Leaving out the pictures, please retype each record exactly.

Given records =
##############################
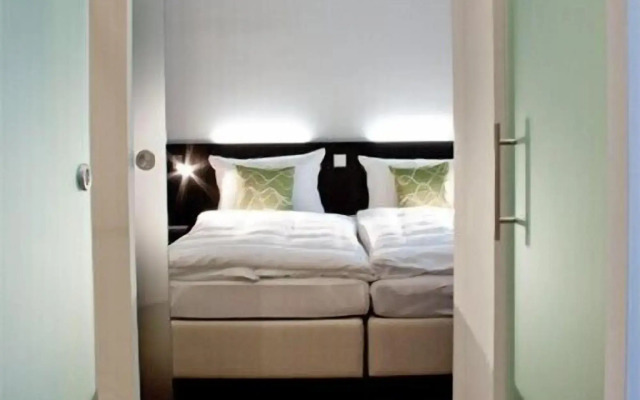 Art Hotel Lauterbach
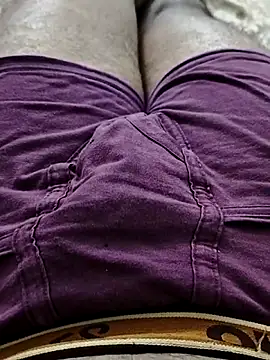 straightnd online show from 02-10-26, 04:22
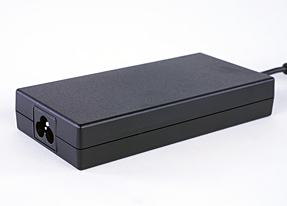 ADP-120VH_DA_M.jpg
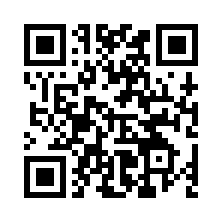 QR Code for 1CxDH2bBhBSSxZFcbMjHicZT7mACBJfTeo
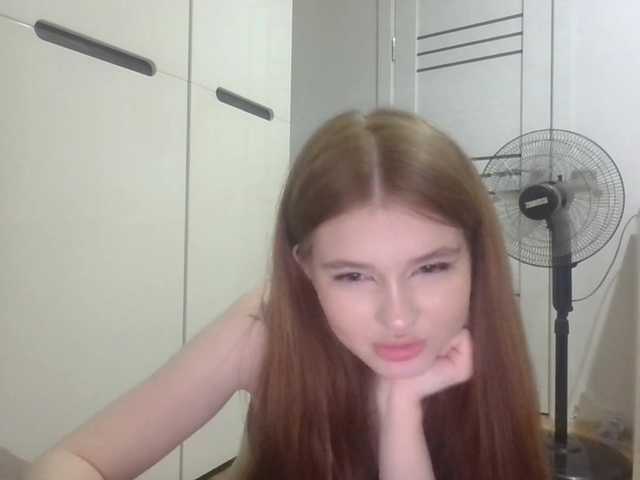 ShareeRivali live cam on BongaCams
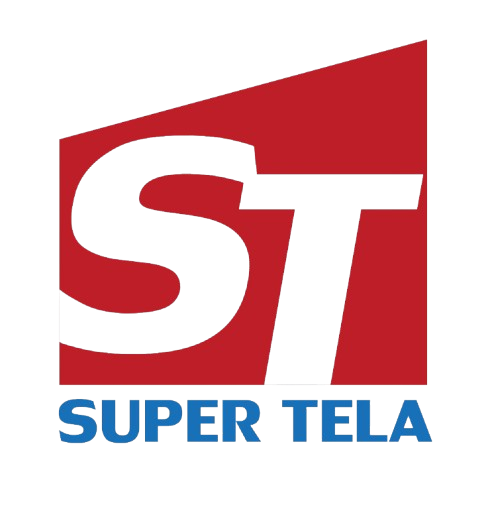 Super Tela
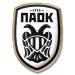 PAOK vs Borac Banja Luka Prediction & Betting Tips | 24/07/2024 | Football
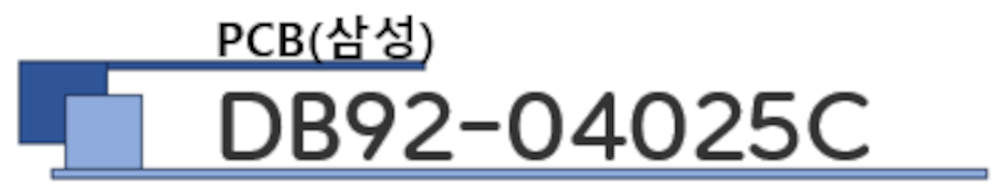 42286a38ce56e973d3af7c0497647631_1789103207_2781.png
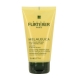 Rene furterer melaleuca shampooing antipelliculaire pellicules sèches 150ml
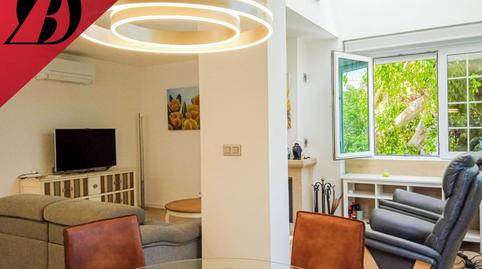 Photo 5 of House or chalet for sale in Calle del Xiprer, Pino Alto, Tarragona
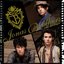 A Little Bit Longer [Japan Deluxe Edition]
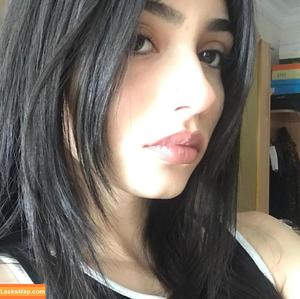 Alya Vural photo #0009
##############################
Result for this task =
 Art Hotel Lauterbach
 straightnd online show from 02-10-26, 04:22
 ADP-120VH_DA_M.jpg
 QR Code for 1CxDH2bBhBSSxZFcbMjHicZT7mACBJfTeo
 ShareeRivali live cam on BongaCams
 Super Tela
 PAOK vs Borac Banja Luka Prediction & Betting Tips | 24/07/2024 | Football
 42286a38ce56e973d3af7c0497647631_1789103207_2781.png
 Rene furterer melaleuca shampooing antipelliculaire pellicules sèches 150ml
 Photo 5 of House or chalet for sale in Calle del Xiprer, Pino Alto, Tarragona
 A Little Bit Longer [Japan Deluxe Edition]
 Alya Vural photo #0009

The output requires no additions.